One with a blowpipe moved aimlessly like all the others past the rim of the forest. A branch of one of the many bushes around there slowly cut his throat with a darkened chakram, and in going down with him, or her, it wasn't clear because of the darkness as well as the state of neglect, took the blowpipe and arrows, fastened it to the shoe-laces on her left boot, added the arrows to her own, and finally wiped her weapon clean on the ground, as the fresh blood splattered onto it appeared to shine brighter than dull steel in the eerie glow of this long and reddened night.

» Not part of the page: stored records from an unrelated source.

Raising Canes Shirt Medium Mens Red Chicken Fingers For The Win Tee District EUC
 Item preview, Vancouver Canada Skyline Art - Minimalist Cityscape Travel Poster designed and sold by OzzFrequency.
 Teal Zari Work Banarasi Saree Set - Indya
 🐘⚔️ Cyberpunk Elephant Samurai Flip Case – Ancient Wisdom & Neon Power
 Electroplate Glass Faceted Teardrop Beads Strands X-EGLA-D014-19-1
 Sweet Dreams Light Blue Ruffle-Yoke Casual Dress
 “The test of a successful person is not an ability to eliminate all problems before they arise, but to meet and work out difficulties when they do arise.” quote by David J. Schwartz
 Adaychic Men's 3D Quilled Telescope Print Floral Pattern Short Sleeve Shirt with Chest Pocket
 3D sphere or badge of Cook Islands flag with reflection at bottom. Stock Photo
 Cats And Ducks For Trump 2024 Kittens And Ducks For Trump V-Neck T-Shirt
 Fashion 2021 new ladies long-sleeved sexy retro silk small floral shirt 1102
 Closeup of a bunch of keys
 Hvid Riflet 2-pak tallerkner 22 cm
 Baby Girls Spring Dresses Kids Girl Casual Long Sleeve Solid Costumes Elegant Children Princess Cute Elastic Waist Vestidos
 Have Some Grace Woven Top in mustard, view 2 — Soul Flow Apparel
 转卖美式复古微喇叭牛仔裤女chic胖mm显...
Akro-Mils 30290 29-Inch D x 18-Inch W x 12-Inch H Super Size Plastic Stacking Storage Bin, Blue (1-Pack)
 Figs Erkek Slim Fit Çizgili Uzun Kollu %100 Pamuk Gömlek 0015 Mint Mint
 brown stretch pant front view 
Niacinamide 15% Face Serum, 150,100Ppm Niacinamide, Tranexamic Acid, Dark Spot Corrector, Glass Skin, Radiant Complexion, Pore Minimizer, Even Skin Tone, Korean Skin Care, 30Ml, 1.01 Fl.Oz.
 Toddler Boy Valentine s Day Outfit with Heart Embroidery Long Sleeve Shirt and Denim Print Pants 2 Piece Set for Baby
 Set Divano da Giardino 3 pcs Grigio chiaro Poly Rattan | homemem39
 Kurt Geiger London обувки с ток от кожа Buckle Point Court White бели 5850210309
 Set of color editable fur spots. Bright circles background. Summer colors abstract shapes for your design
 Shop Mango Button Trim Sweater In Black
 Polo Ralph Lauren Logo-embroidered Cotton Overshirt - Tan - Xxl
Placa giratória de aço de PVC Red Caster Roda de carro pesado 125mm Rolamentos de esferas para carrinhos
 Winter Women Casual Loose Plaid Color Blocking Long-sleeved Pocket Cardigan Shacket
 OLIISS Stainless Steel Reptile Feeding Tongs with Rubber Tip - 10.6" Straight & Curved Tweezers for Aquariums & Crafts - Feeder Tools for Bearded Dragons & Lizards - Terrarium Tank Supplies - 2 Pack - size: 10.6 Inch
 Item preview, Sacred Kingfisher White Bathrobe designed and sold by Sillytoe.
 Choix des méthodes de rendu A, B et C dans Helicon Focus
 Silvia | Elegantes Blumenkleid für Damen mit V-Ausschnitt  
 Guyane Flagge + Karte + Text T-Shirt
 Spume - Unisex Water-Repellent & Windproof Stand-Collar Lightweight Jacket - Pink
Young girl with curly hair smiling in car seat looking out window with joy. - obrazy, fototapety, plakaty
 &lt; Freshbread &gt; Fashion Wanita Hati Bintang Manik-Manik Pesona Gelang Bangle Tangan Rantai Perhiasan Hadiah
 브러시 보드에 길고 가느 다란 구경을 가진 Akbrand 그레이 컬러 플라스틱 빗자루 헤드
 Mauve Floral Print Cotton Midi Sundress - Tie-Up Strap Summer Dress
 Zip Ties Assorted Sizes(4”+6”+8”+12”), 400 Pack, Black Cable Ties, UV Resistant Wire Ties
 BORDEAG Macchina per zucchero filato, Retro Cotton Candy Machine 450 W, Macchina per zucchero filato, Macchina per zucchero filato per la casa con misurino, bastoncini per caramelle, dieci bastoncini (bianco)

She then crawled into the rye grass that covered most of the clearing, fading into it, slowly floating within, meandering, moving confidently and contently like a shark swimming at ease in the open waters of the oceans. Compared to the numbers wandering about, hardly any bodies were lying on her path through the clearing. But like in the forest before, very few still carried the blowpipes they had used in their lifetime, if one dared to call it that, but several still had arrows and the fluffy seeds, which she bagged to add to those she had taken from the hut. Collecting carrion.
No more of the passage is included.